Corporations like European Aeronautic Defence and Space (EADS), BAe Systems (formerly British Aerospace) and Italy’s Finmeccanica dominate the E.U.’s military decision-making bodies. Their lobbyists (who are issued 150-200 passes for the European Parliament) have unfettered access to legislators and Commission officials. The E.U. aims to match the U.S. defence research capabilities and has already announced euro 1 billion as an initial sum, plus an additional euro 7.5 billion on space and security programmes to be spent over seven years. The Airbus Industrie-proposed A400-M military aircraft will be developed with E.U. funding.
The Constitution, then, is a highly conservative right-wing document, which commits the E.U. to neoliberalism, “market freedom”, militarism, and a search for hegemony through power projection. This is not a Europe that can counter or contain the U.S. Rather it seeks to emulate the same model dominated by corporate power and the military-industrial complex.
This “Corporate-Military Europe” reverses the “Social Europe” model of 1957-1991, which sought to universalise and deepen people’s rights based on a “social market economy” subject to state control, itself guided by lofty goals, including universal welfare, expansion of public services and defence of the public sector. The E.U.’s evolution after Maastricht, and particularly in the past few years, contrasts sharply with the original project of the Treaty of Rome that established the Common Market.
The E.U.’s external role has increasingly reflected that same change, especially in matters economic. Although most E.U. states take better positions than the U.S. on politics, the environment and human rights, on economic issues they can be as bad.

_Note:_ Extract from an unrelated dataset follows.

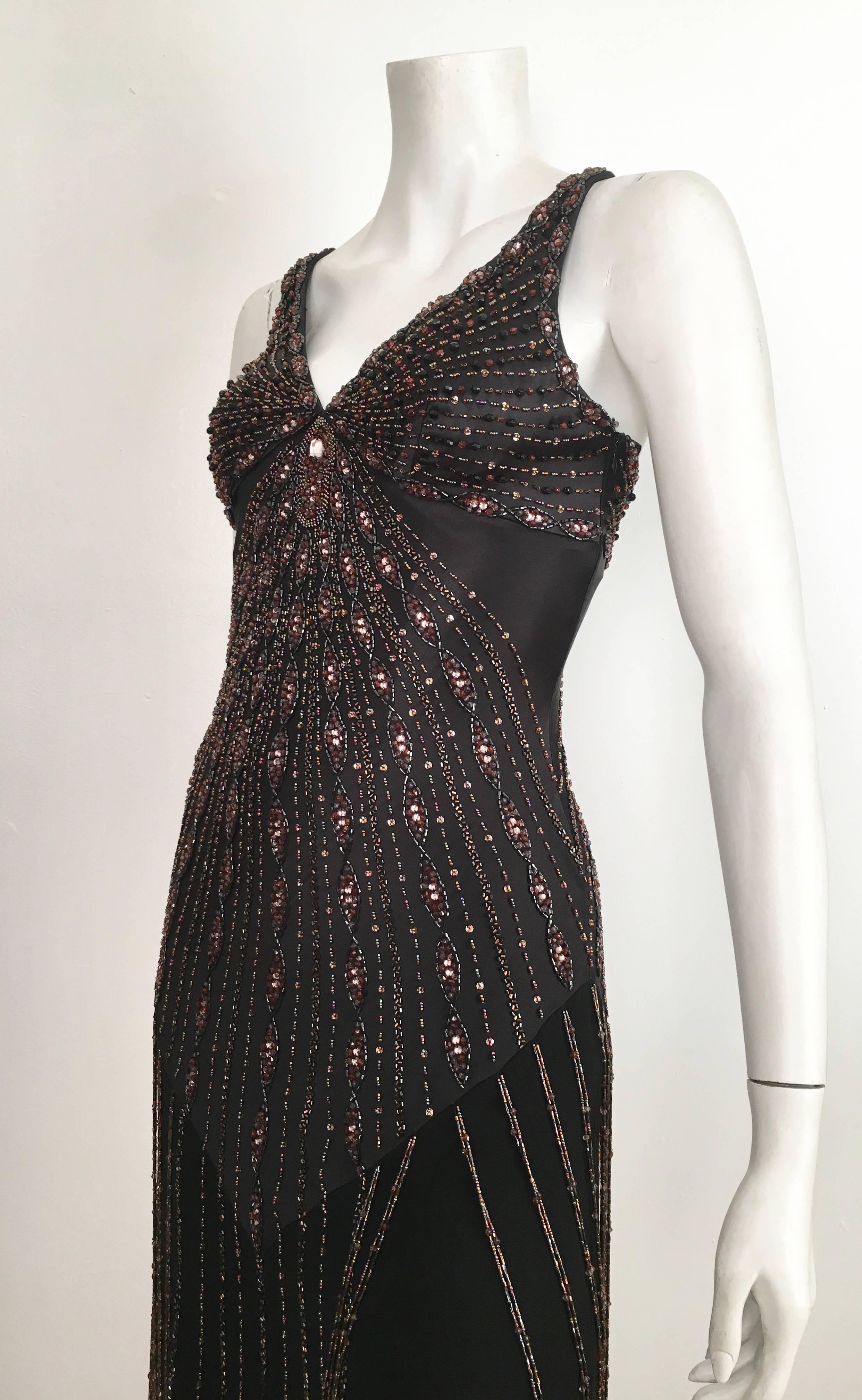 Sue Wong Black Silk Beaded Maxi Bias Cut Dress Size 2. For Sale 11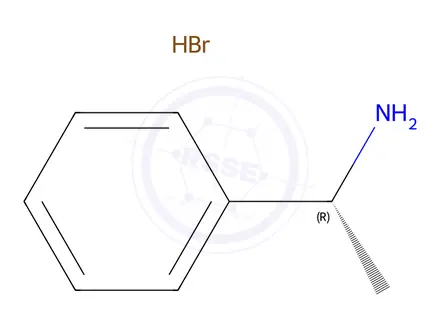 Chemical structure of r-(+)-1-Phenylethylammonium Bromide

The E.U. has been pushing the World Trade Organisation (WTO) “free trade” agenda, especially on General Agreement on Trade in Services (GATS) even harder than the U.S. The new Constitution commits itself to protect its agriculture with vast subsidies – which directly clash with Third World interests. The E.U. uses strong-arm methods to demand non-agricultural market access for its manufactures and services.
The E.U. applies pressure on southern countries both in multilateral forums and through bilateral Economic Partnership Agreements with individual states. Its internal documents pertaining to different regions of the world show a deep neo-colonial bias. Even on Eastern Europe, its agenda is worse than the U.S’. It treats the region solely as a source of raw materials and cheap labour.
The E.U. is the world’s second greatest economic power, but it is increasingly becoming arrogant. It also seeks greater military clout. The rise of such a power cannot be in the interests of the world, indeed of Europe’s own people whose rights and social gains it is eroding. That is why the Constitution, which sanctions and codifies this erosion, must be defeated. Its demise can open up a genuine democratic debate so that a radically reformed statute can emerge, which reflects humane values and universal urges. But for that to happen, Europe must first say `no’ – if not in the French referendum, then in the Dutch one, if not then, well, certainly later.